[What you need to do]
Down to the last line, reproduce the data that follows, but skip the pictures.

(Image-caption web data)
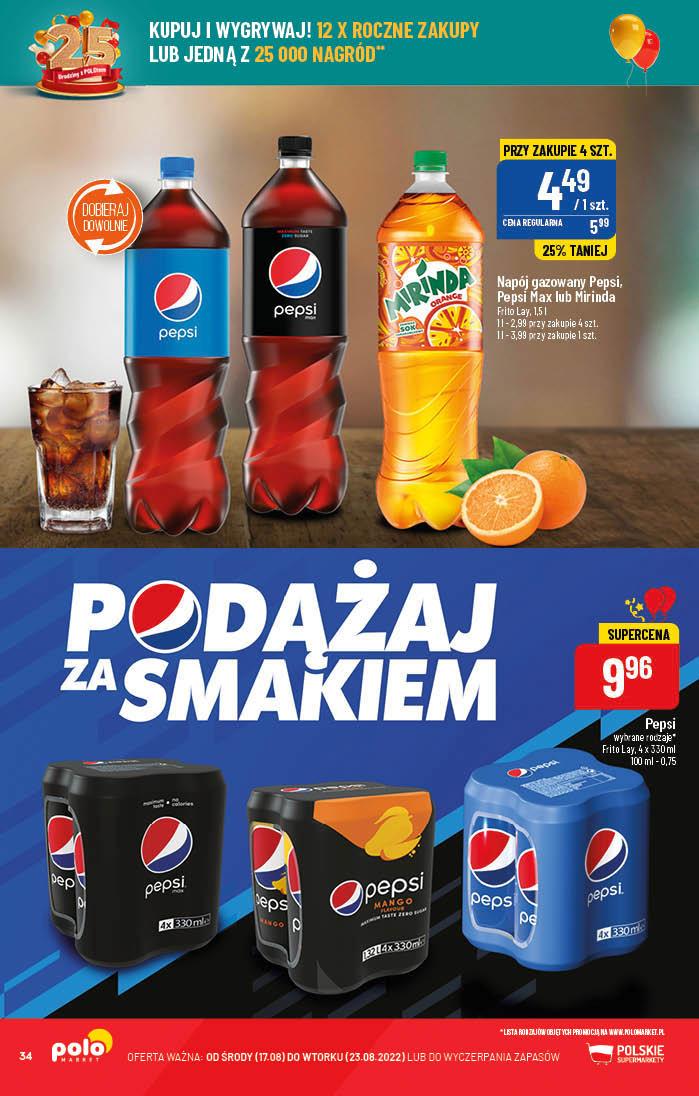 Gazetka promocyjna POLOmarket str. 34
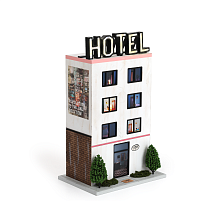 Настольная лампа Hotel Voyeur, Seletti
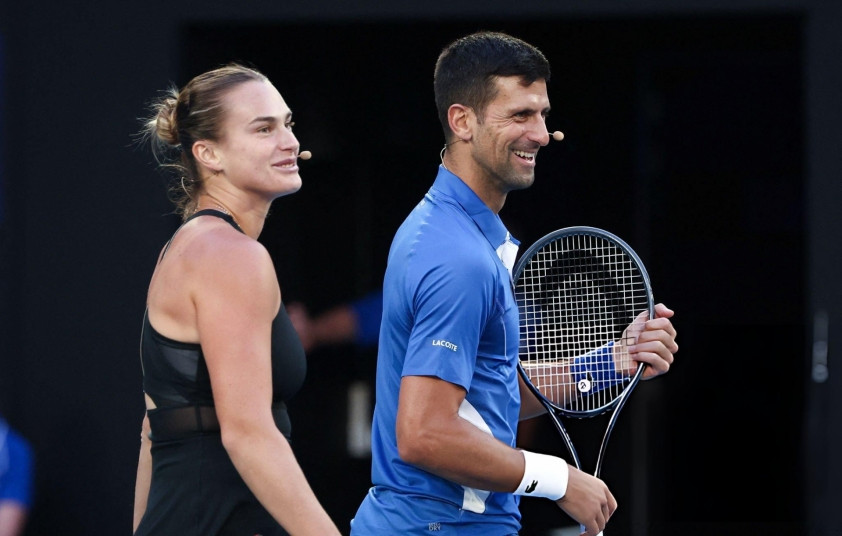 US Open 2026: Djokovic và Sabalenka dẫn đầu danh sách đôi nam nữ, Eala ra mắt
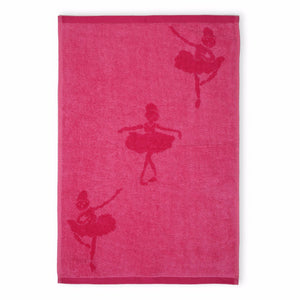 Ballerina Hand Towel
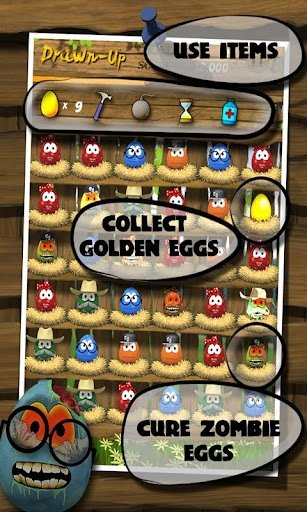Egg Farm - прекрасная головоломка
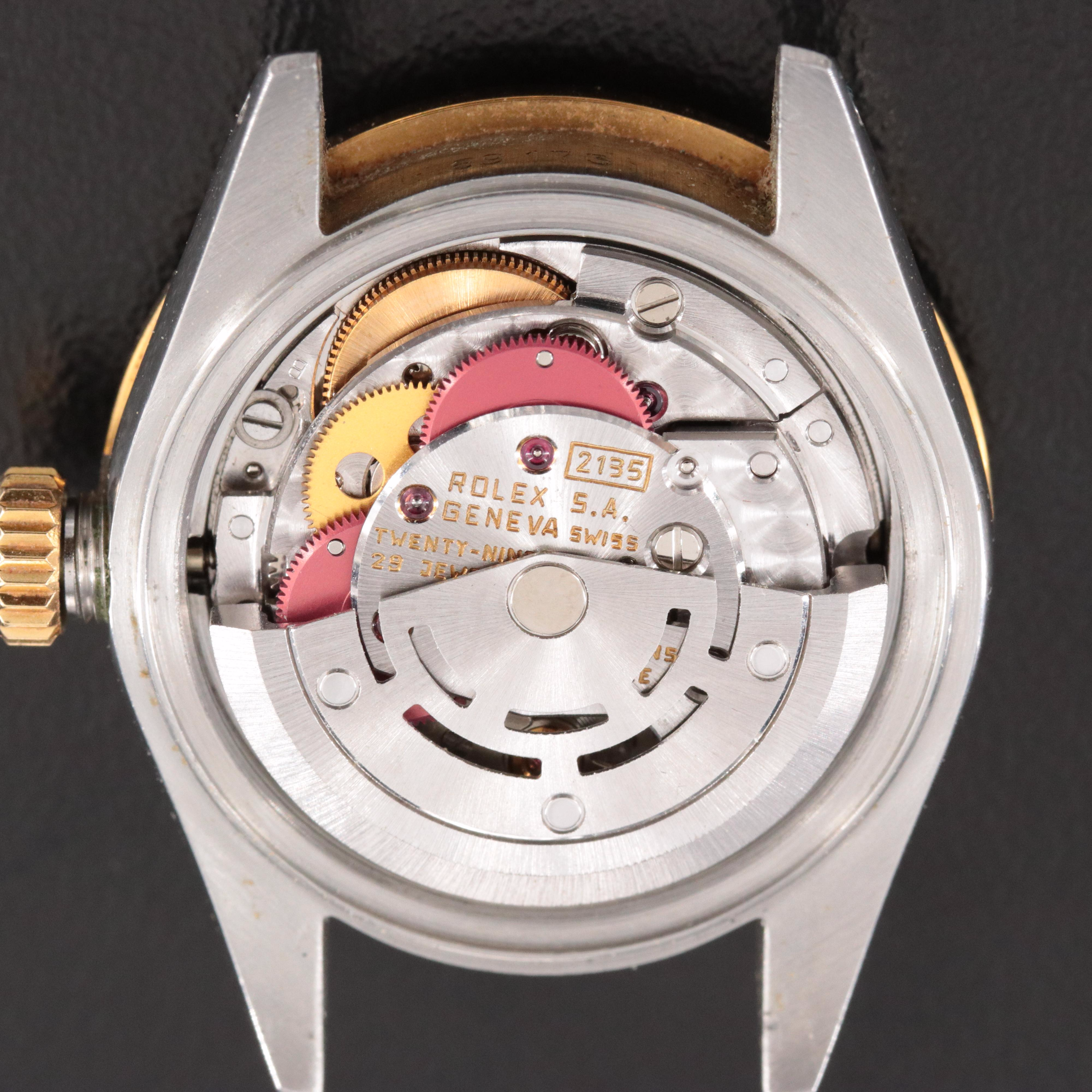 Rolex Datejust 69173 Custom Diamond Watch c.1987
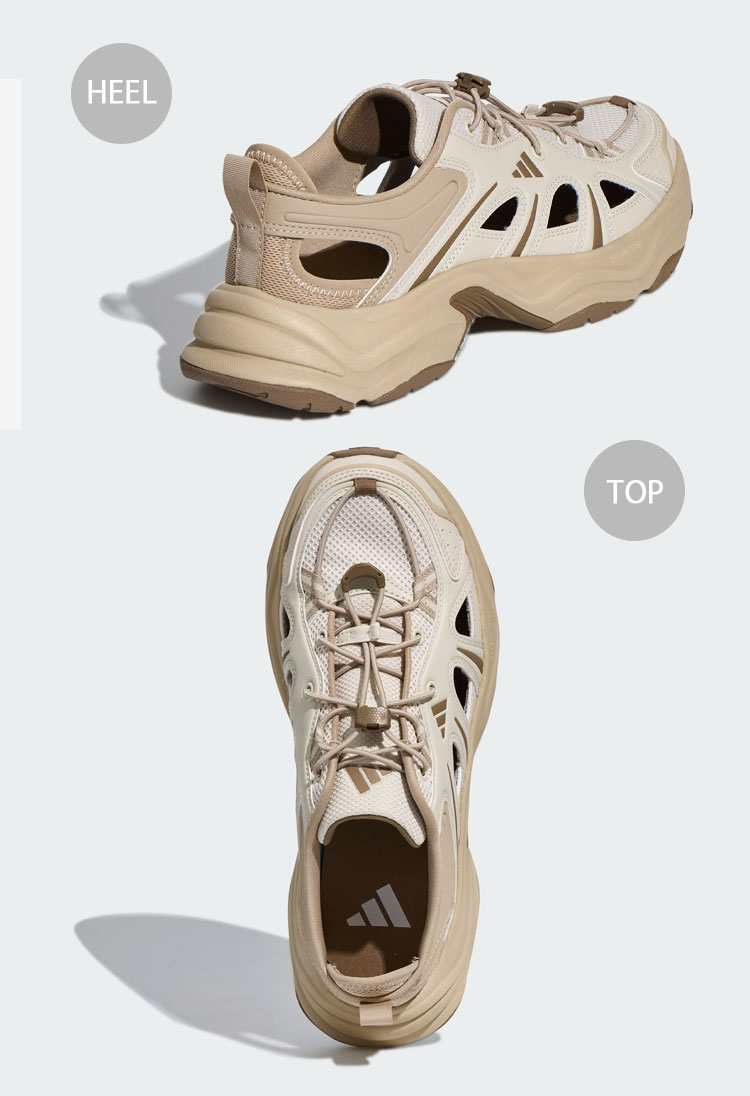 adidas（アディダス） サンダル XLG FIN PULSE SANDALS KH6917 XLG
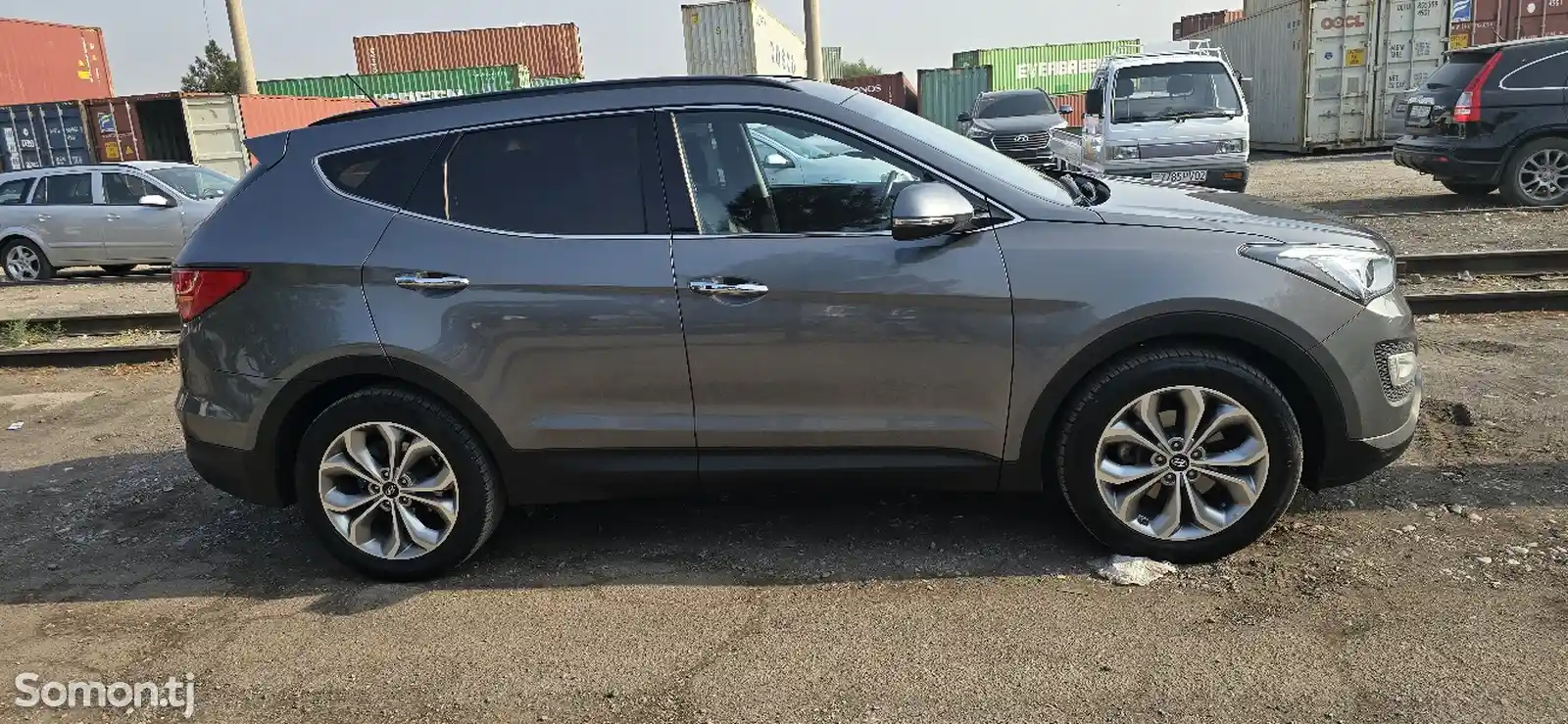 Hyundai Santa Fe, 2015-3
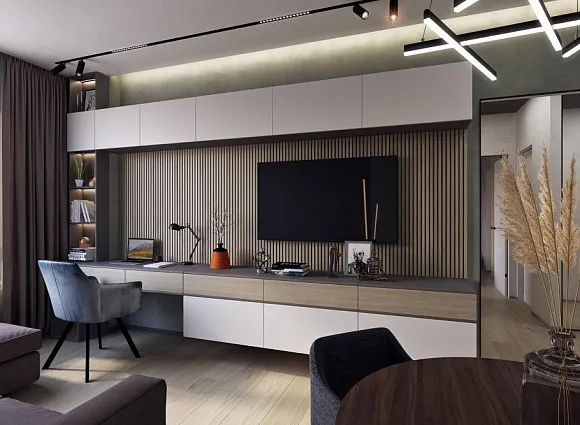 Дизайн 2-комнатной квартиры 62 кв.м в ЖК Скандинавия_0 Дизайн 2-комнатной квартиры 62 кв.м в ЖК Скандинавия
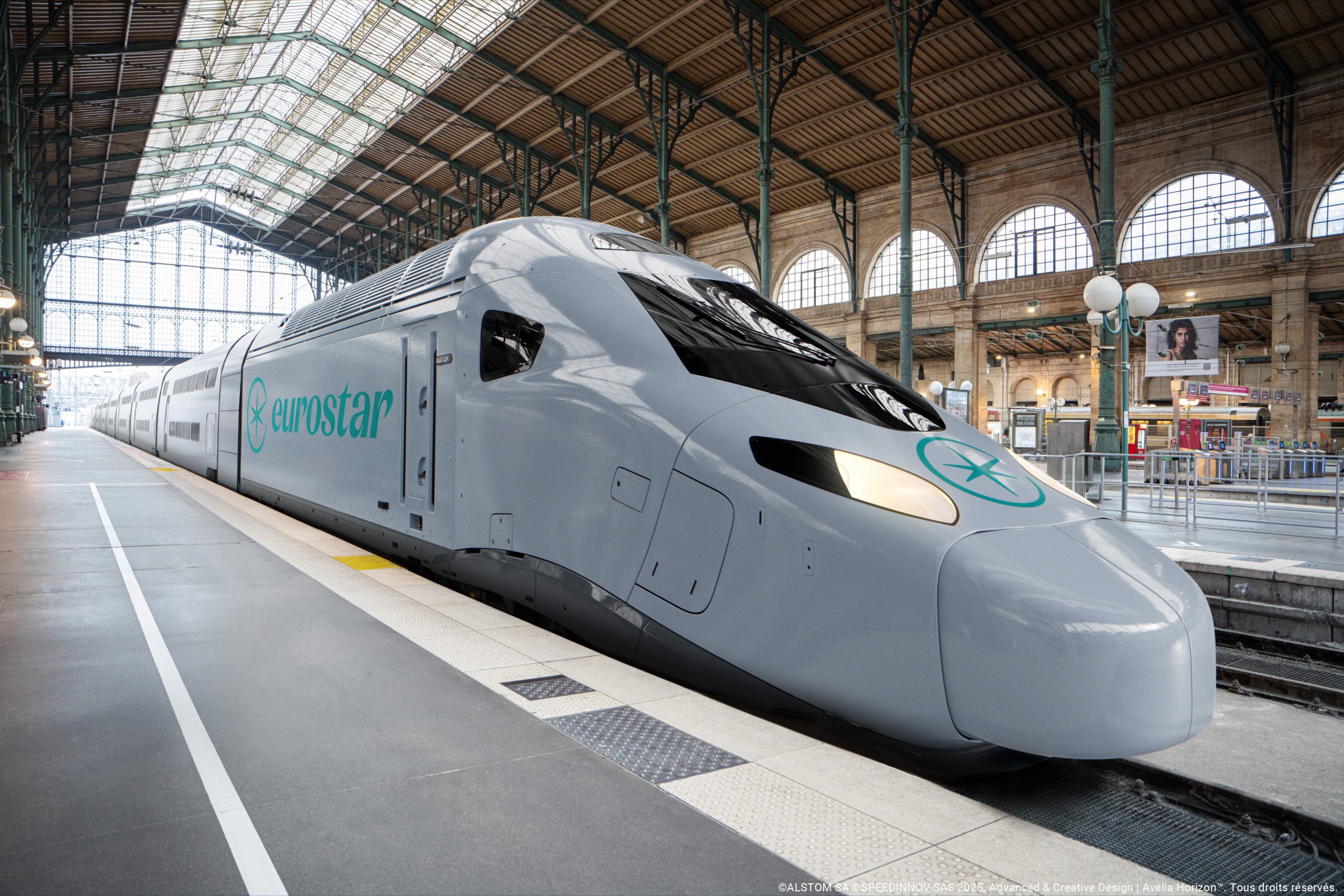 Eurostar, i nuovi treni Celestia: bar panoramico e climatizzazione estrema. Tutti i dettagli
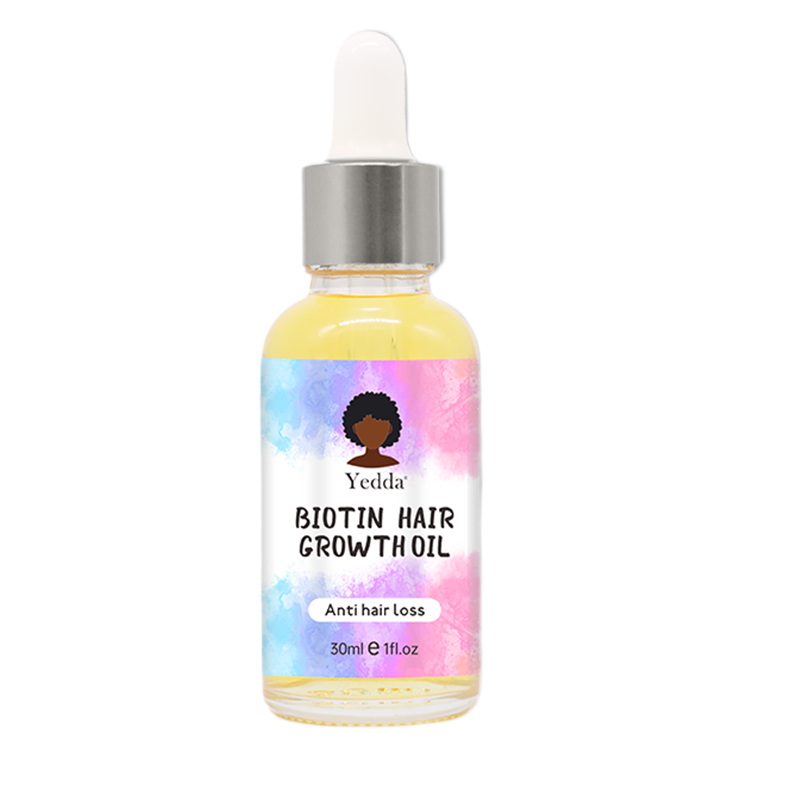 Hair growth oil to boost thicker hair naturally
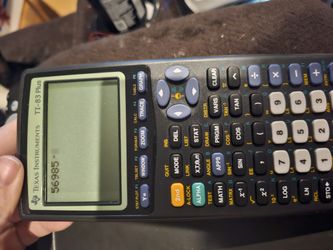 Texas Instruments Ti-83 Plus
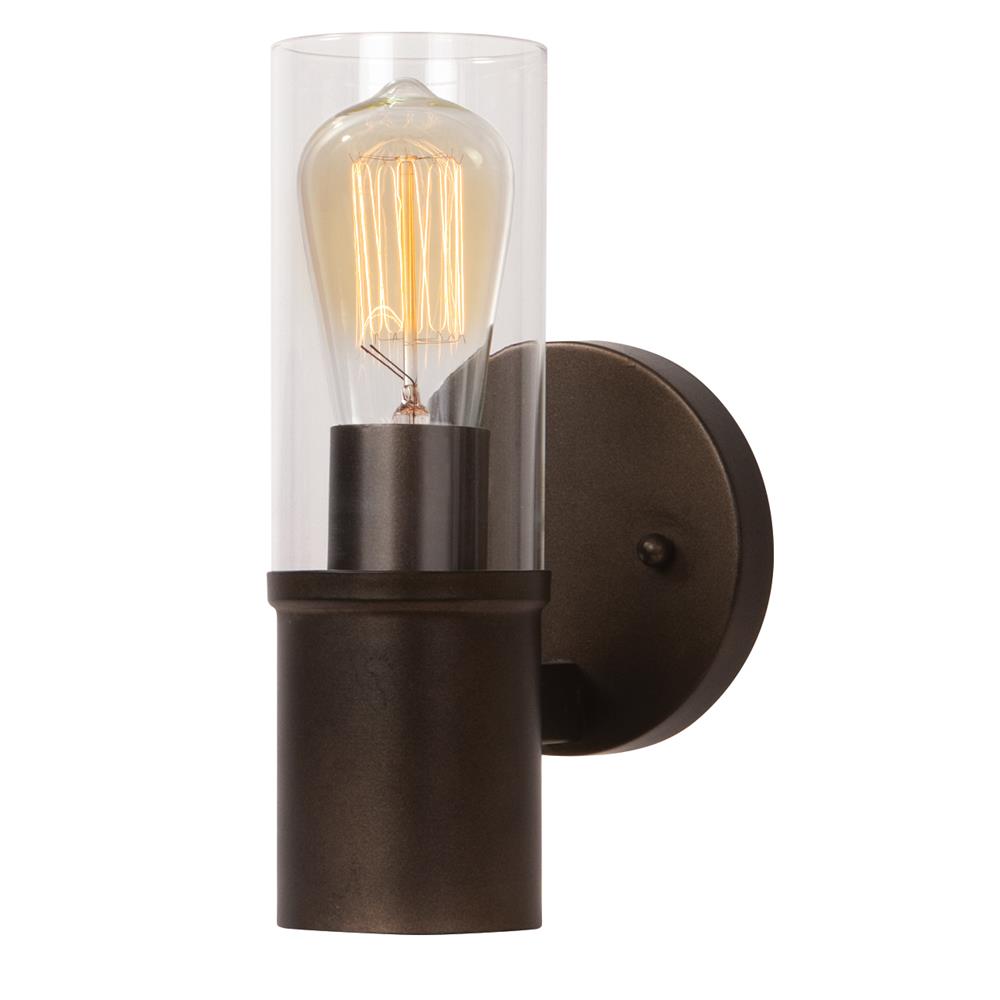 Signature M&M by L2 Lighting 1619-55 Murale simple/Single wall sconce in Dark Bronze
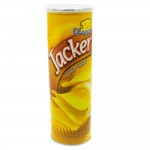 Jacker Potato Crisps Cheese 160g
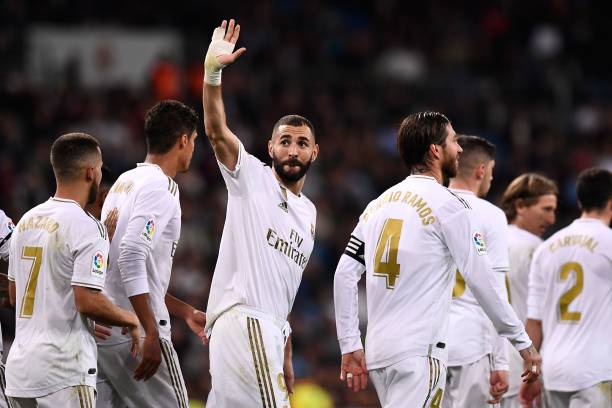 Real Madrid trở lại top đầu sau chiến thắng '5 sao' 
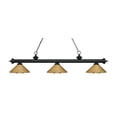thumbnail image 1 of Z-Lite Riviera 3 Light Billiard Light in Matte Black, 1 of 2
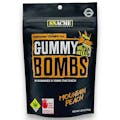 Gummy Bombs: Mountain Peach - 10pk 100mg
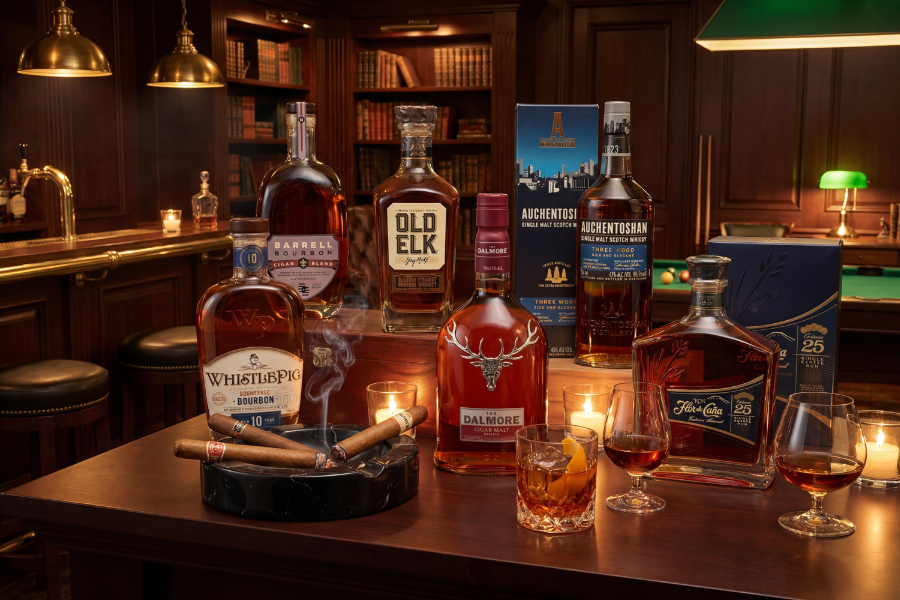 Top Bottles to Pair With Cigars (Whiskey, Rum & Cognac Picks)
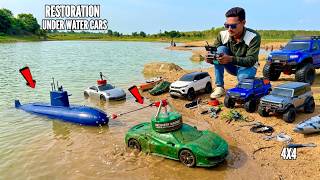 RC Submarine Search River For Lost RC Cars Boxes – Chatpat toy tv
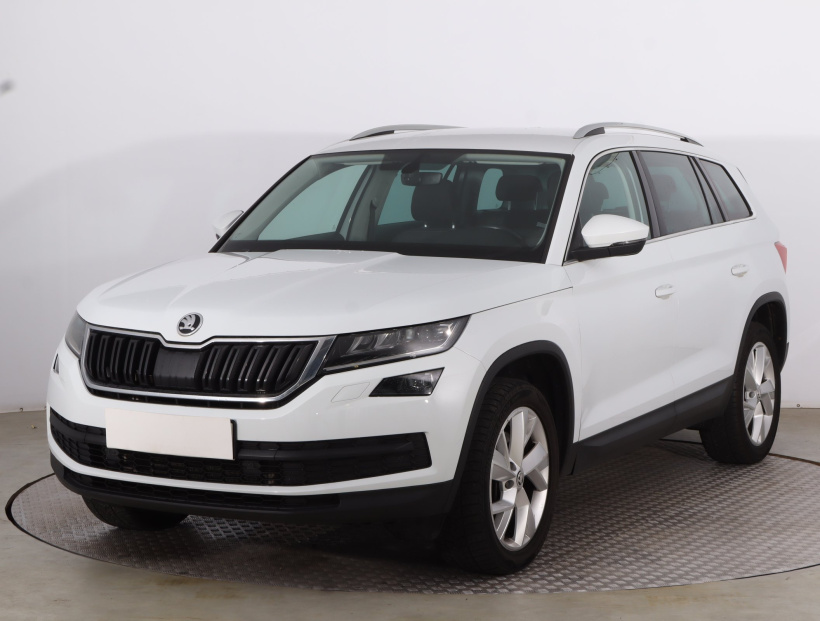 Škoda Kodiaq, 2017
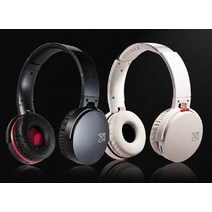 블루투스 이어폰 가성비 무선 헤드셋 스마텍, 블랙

[Result for this task]
 Gazetka promocyjna POLOmarket str. 34
 Настольная лампа Hotel Voyeur, Seletti
 US Open 2026: Djokovic và Sabalenka dẫn đầu danh sách đôi nam nữ, Eala ra mắt
 Ballerina Hand Towel
Egg Farm - прекрасная головоломка
 Rolex Datejust 69173 Custom Diamond Watch c.1987
 adidas（アディダス） サンダル XLG FIN PULSE SANDALS KH6917 XLG
 Hyundai Santa Fe, 2015-3
 Дизайн 2-комнатной квартиры 62 кв.м в ЖК Скандинавия_0 Дизайн 2-комнатной квартиры 62 кв.м в ЖК Скандинавия
 Eurostar, i nuovi treni Celestia: bar panoramico e climatizzazione estrema. Tutti i dettagli
 Hair growth oil to boost thicker hair naturally
 Texas Instruments Ti-83 Plus
 Signature M&M by L2 Lighting 1619-55 Murale simple/Single wall sconce in Dark Bronze
 Jacker Potato Crisps Cheese 160g
 Real Madrid trở lại top đầu sau chiến thắng '5 sao' 
thumbnail image 1 of Z-Lite Riviera 3 Light Billiard Light in Matte Black, 1 of 2
 Gummy Bombs: Mountain Peach - 10pk 100mg
 Top Bottles to Pair With Cigars (Whiskey, Rum & Cognac Picks)
 RC Submarine Search River For Lost RC Cars Boxes – Chatpat toy tv
 Škoda Kodiaq, 2017
 블루투스 이어폰 가성비 무선 헤드셋 스마텍, 블랙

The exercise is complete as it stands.